Связь между пированьем и гимнастикой можно понять, если вспомнить о греческих атлетах, которые параллельно с занятиями гимнастикой сытно и много ели.
– Уж конечно.
– Но что потом? Так как он не делает ничего другого, не разделяет времени ни с какою музою, то душа его, если бы в ней и была какая любознательность, не наслаждаясь ни учением, ни исследованием какого-либо предмета, не занимаясь ни словом, ни иною музыкою, становится слабой, глухой и слепой, потому что она и не возбуждается, и не питается, и не очищает чувств своих.
– Это так, – сказал он.
– Вот же я и полагаю, что такой человек есть ненавистник слова и враг муз. Для убеждения он не пользуется словами, но при всяком случае, подобно зверю, добивается всего насилием и жестокостью, проводит жизнь в невежестве и дикости, нескладно и непривлекательно.

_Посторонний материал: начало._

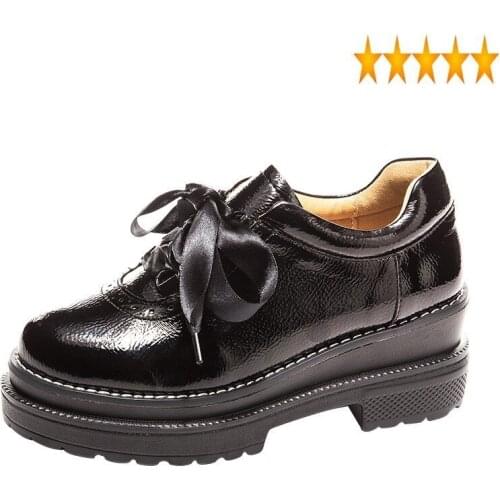 New Women Pu Leather Autumn Thick Platform Preppy Style Casual Bowknot Lace Up Wedges Pumps Creeper Student Girls Shoes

– Это совершенно справедливо.
– Итак, ради этих-то, вероятно, двух крайностей, какой-то бог, сказал бы я, даровал людям и два искусства: музыку и гимнастику. Даровал то есть для раздражительной и философской природы, а не для души и тела. Последнего касаются они разве мимоходом, прямо же относятся к первой, чтобы обе эти природы ее, через напряжение и ослабление до надлежащей степени, приходили к взаимному согласию.

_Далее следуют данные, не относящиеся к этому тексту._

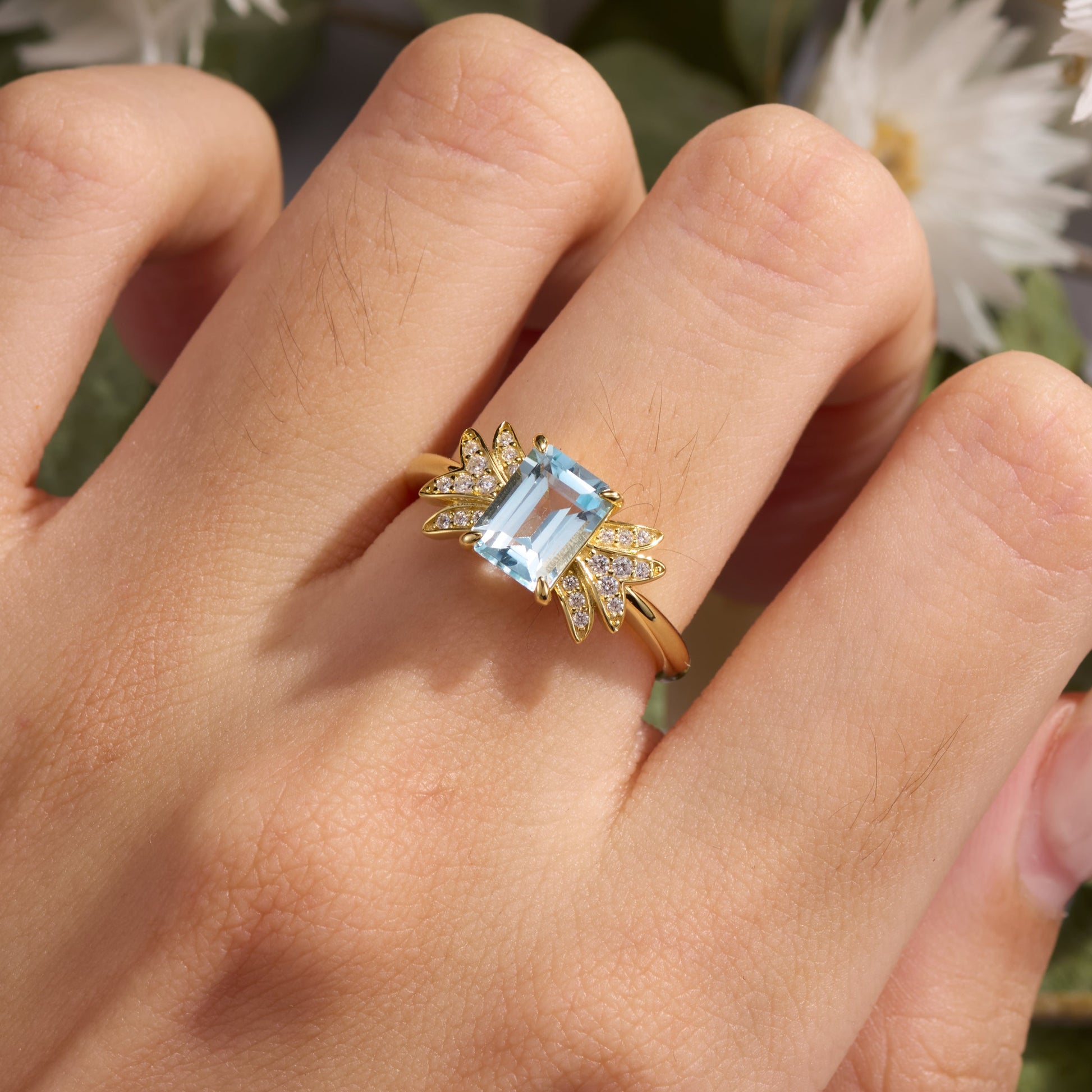Evadne Emerald-Cut Topaz Engagement Ring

– В самом деле, вероятно, – сказал он.
– Поэтому, кто превосходно соединяет гимнастику с музыкой и в надлежащей мере преподносит их душе, того мы по всей справедливости можем называть человеком совершенно музыкальным и гораздо лучше настроенным, чем тот, кто умеет подстроить одну струну под другую.
– Конечно должно быть так, Сократ.
– Но не то же ли и в государстве, Главкон? Не будет ли нужен нам всегда именно такой начальник для сохранения его устройства?

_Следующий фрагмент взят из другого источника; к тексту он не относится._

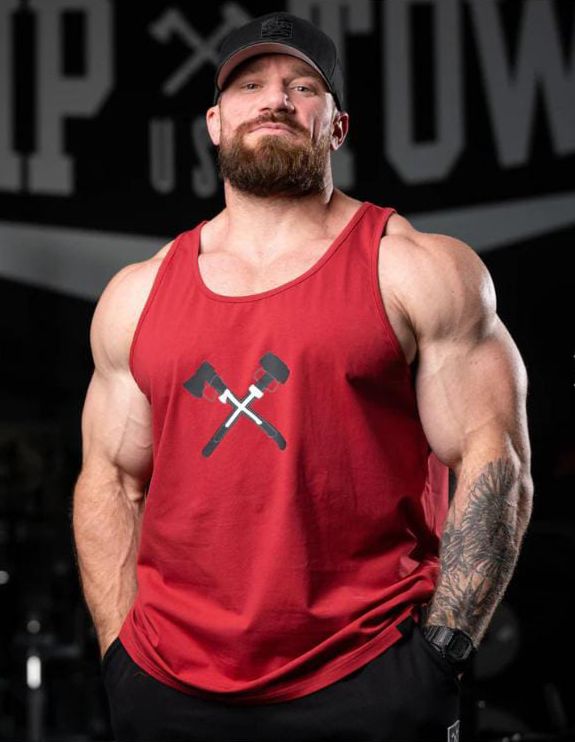 AXE STACK TANK TOP IN RED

– Точно, будет нужен, и притом всего более.
– Пусть же типы учения и воспитания будут таковы. Но что сказать о плясках этих людей, о звероловстве, псовой охоте, состязаниях атлетов и соревнованиях в управлении конями и колесницами? Впрочем, почти уж очевидно, что последние должны быть сообразны с первыми, и тогда определятся без труда.
– Может быть, и без труда.
– Положим, – сказал я. – Но после этого-то, что еще предстоит исследовать нам? Не то ли, кому начальствовать и кому быть под начальством?
– Конечно.
– Не явно ли, что начальниками должны быть старшие, а под начальством – младшие?
– Явно.
– И что отличнейшие из них?
– И это явно.
– Но отличнейшие из земледельцев не суть ли самые лучшие знатоки земледелия?
– Да.
– А так как теперь они должны быть и отличнейшими стражами, то не следует ли им также превосходно знать и обязанности стражей государства?
– Да.
– Но для этого они должны быть благоразумны, сильны и сверх того должны заботиться о государстве.
– Это правда.
– А всякий больше всего заботится о том, что он особенно любит.
– Непременно.
– А любят по большой части то, в отношении к чему полезное находят полезным для себя и чье благоденствие почитают залогом благоденствия частного. Будь же иначе – выйдет противное.
– Так, – сказал он.
– Стало быть, из всех стражей надобно избирать таких мужей, которые, по нашему наблюдению, оказывались бы во всю свою жизнь усердными ревнителями в исполнении дел, признаваемых полезными для государства, а что неполезно ему, того никак не хотели бы делать.
– Да, такие и нужны, – сказал он.
– Так мне кажется, надобно подстерегать их во всех возрастах жизни, точно ли сохраняют они это правило и, не поддаваясь ни обольщению, ни насилию, не изгоняют ли из своей души мнения, что должно делать все, в отношении к государству наилучшее.